The Italian Academy of Philately and Postal History in its Italian Postal and Philatelic Dictionary describes post horn as follows:
“Brass wind instrument, used by postillions to signal the arrival of a mail coach: this would prompt the staff of the postal stations to prepare the change of horses; in other instances: on hearing the post horn the ferrymen went to the riverside; the cities and castles opened the doors or sent guards to collect the mail. The post horn used different musical motifs, each with a specific meaning. Since the 18th century the post horn has become a symbol of the Post“.

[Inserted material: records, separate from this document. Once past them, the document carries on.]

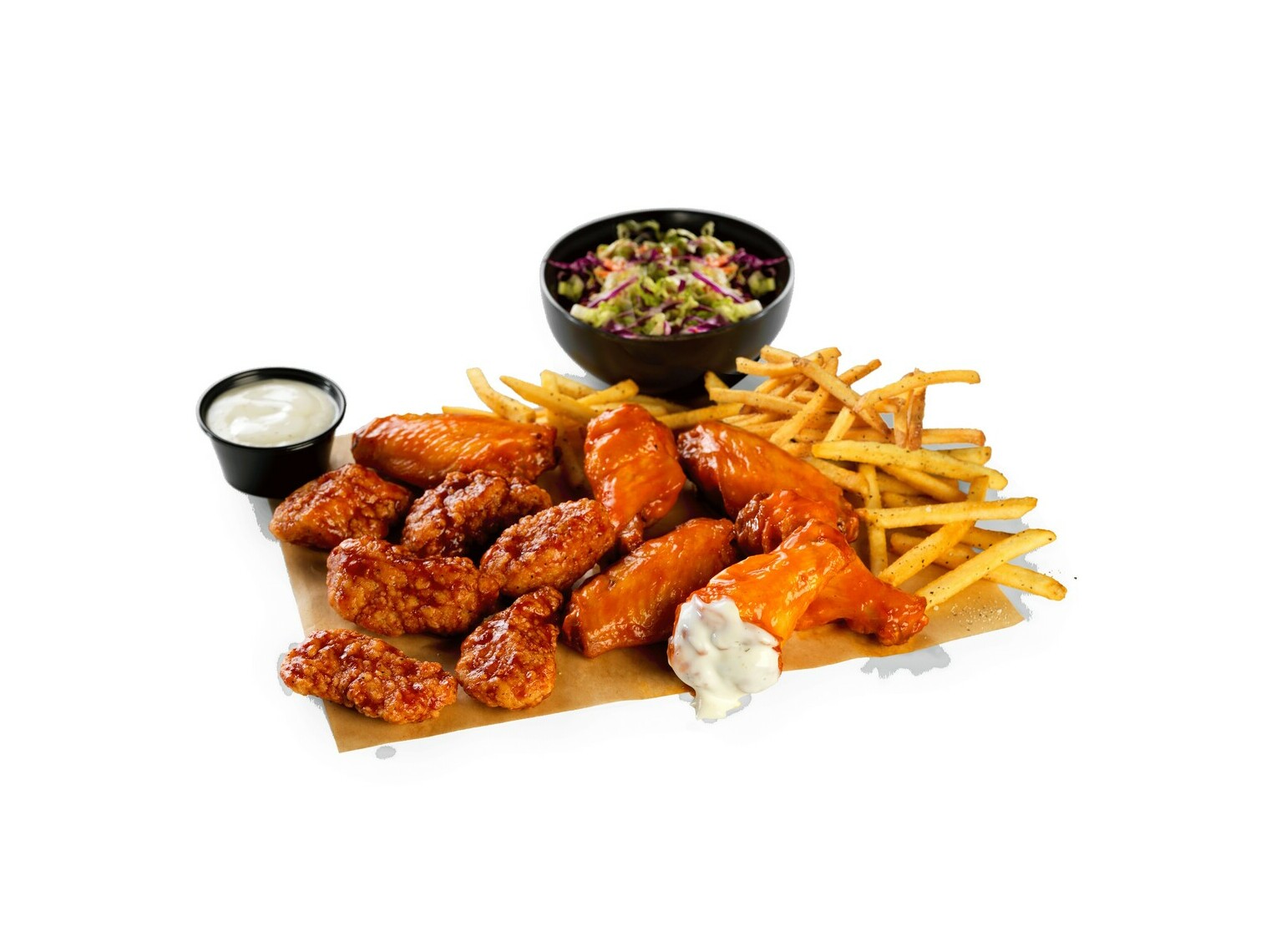 Order Traditional & Boneless Combo food online from Wild Burger store, Champlin on bringmethat.com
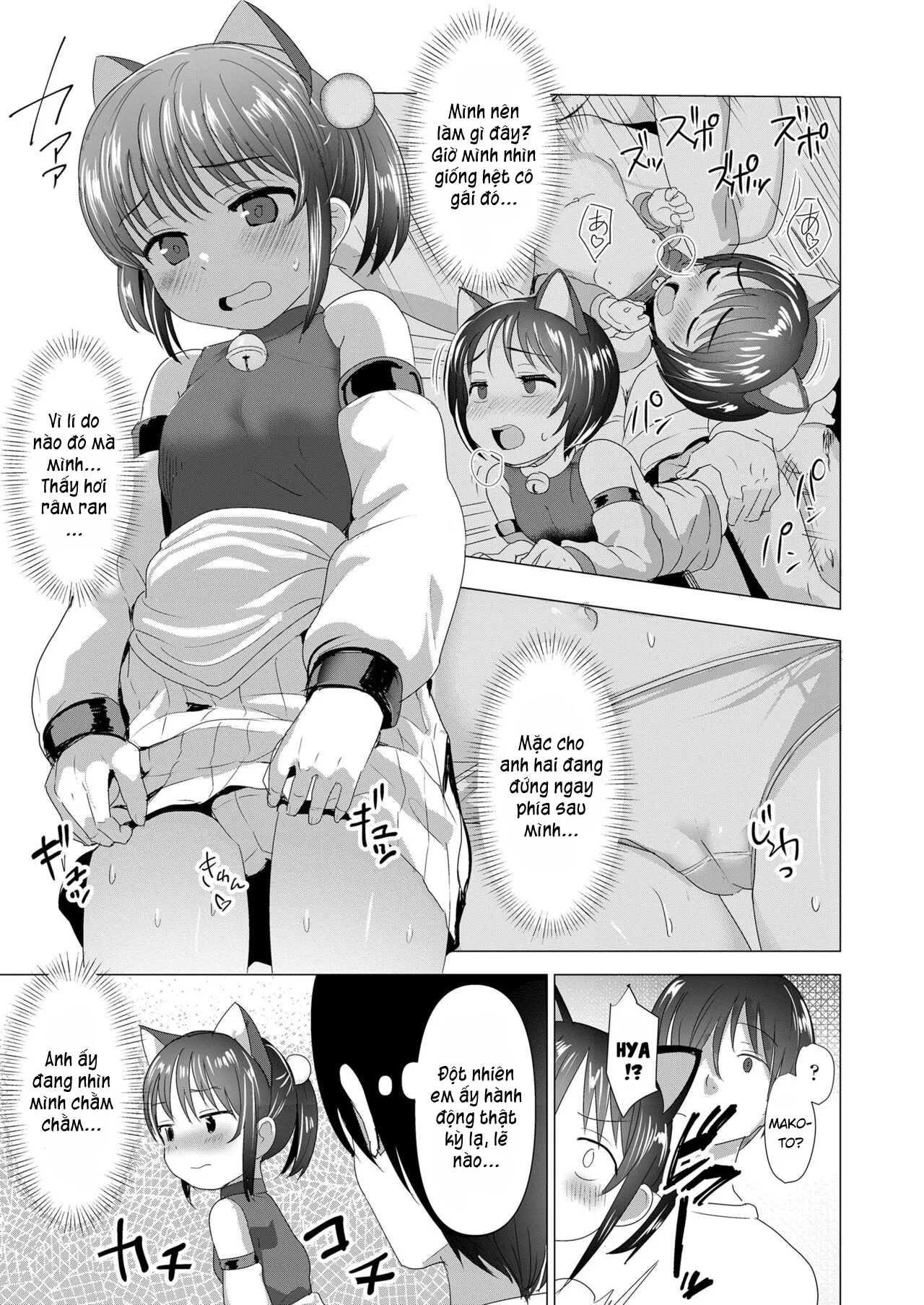 HentaiVN.net - Ảnh 11 - Lên đồ cho em gái tôi... [Imouto ni Kisete mita | Dressing-Up My Little Sister] - Oneshot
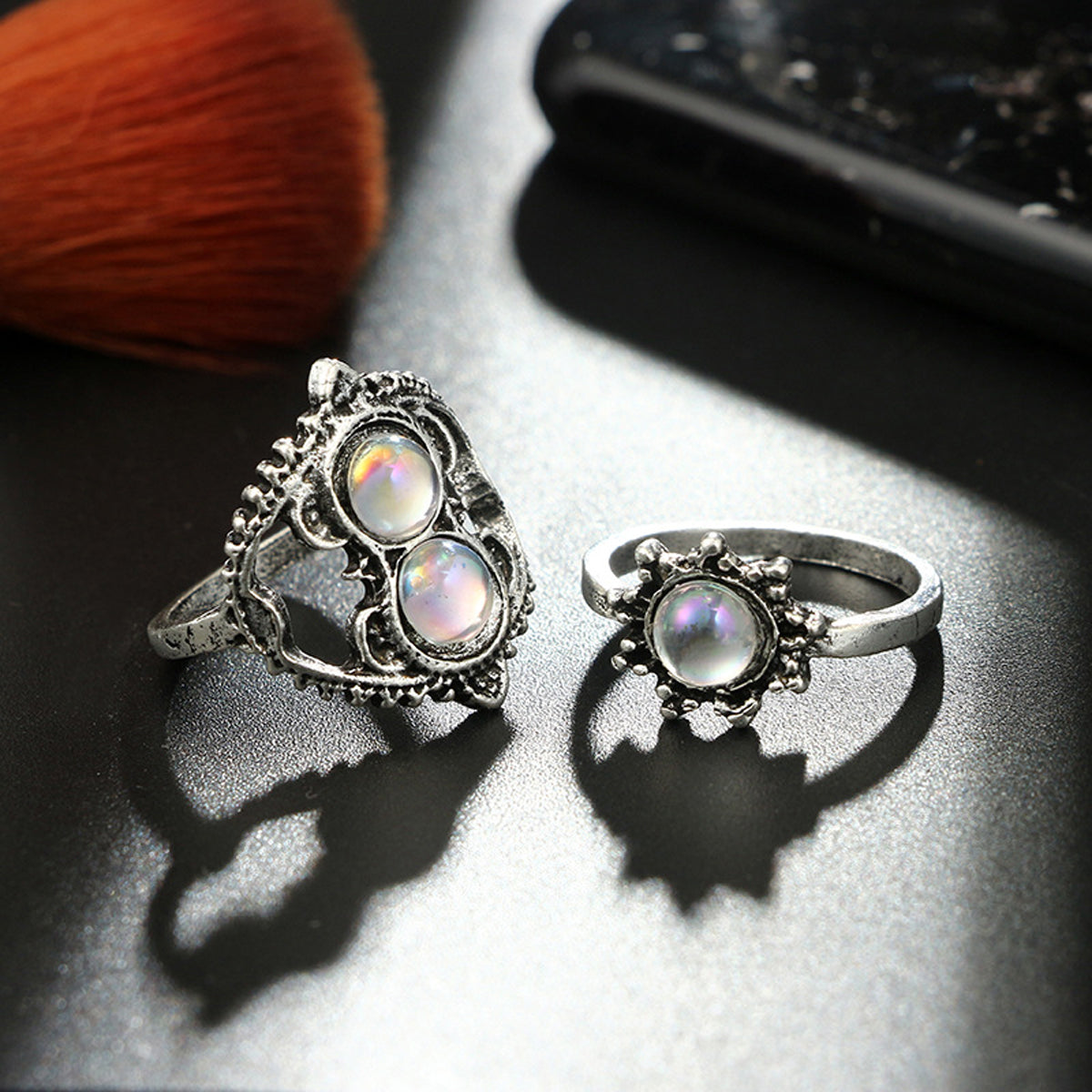 Scintillare by Sukkhi Astonish Oxidised Rings Combo for Women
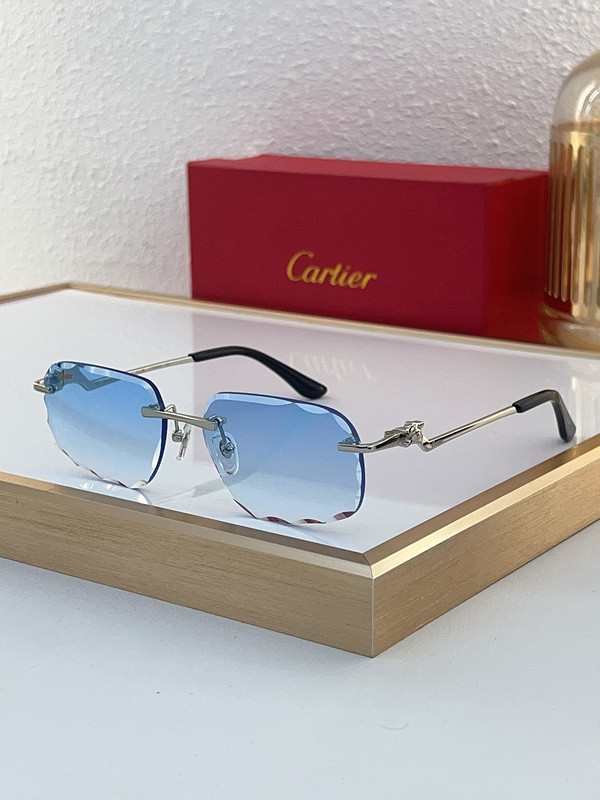 Cartier Sunglasses AAAA-7027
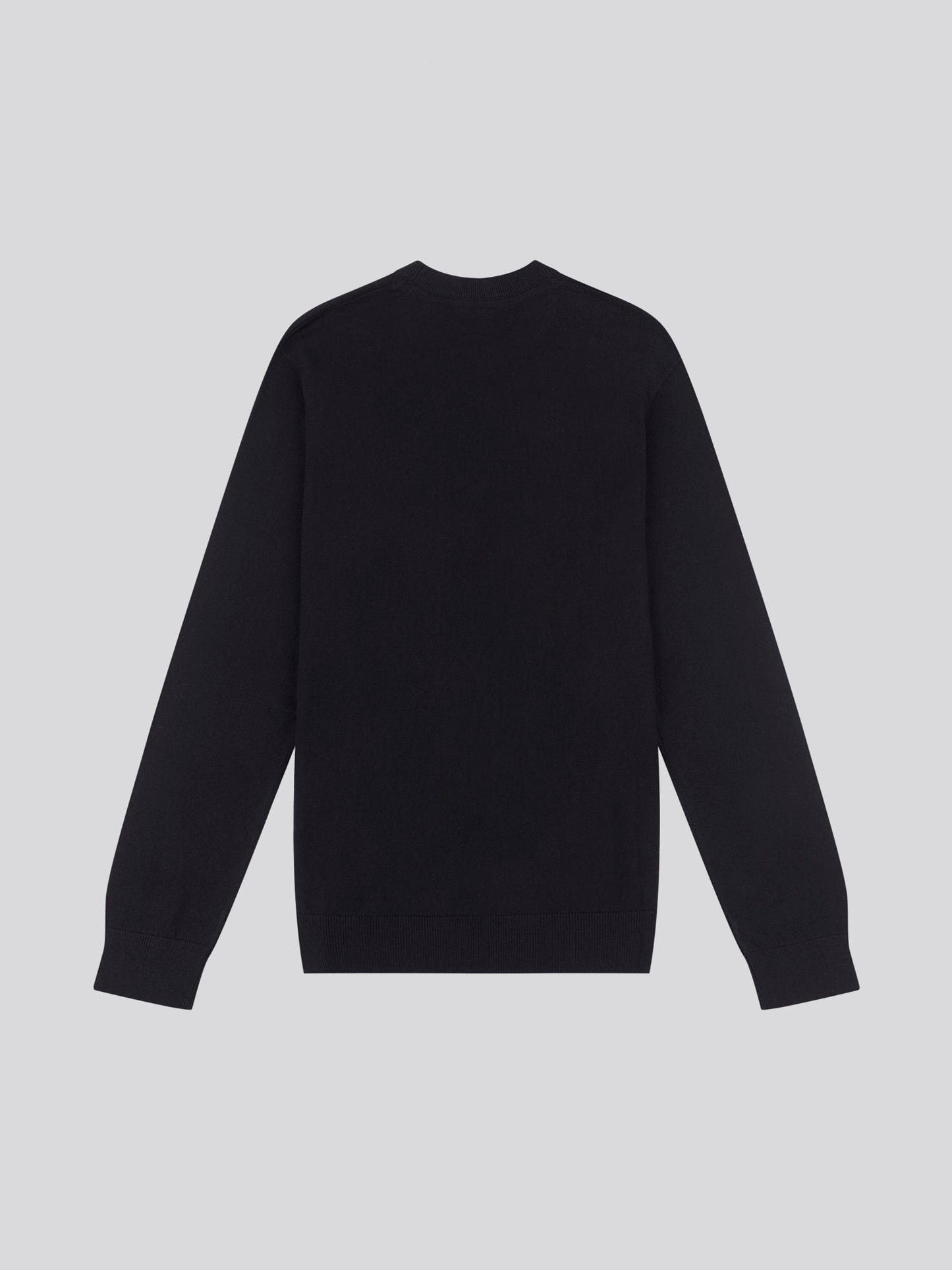 Mens Cotton Crewneck w czarnym jasnym białym DHM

While Wikipedia focuses more on its technical characteristics:
“The post horn (also known as a postillion cornet) is a wind instrument…it was mainly used by postal couriers and stagecoaches, to signal their arrival and departure, or by postillions, especially during the eighteenth and nineteenth centuries [but also earlier]. Usually the instrument has a circular shape or is rolled up with three turns of the tube, although sometimes it can also be straight… The instrument is used as a logo of the national postal service in many countries, such as Switzerland, Sweden and Germany. ”
Since the Renaissance the post horn is a prominent element of the coat of arms of the Tasso (Taxis), De la Tour et Tassis and Thurn und Taxis dynasties. The cradle of Taxis dynasty is Cornello, a medieval village of the Brembana Valley, near Bergamo, the Taxis were the creators of an international modern postal service as we know it is today.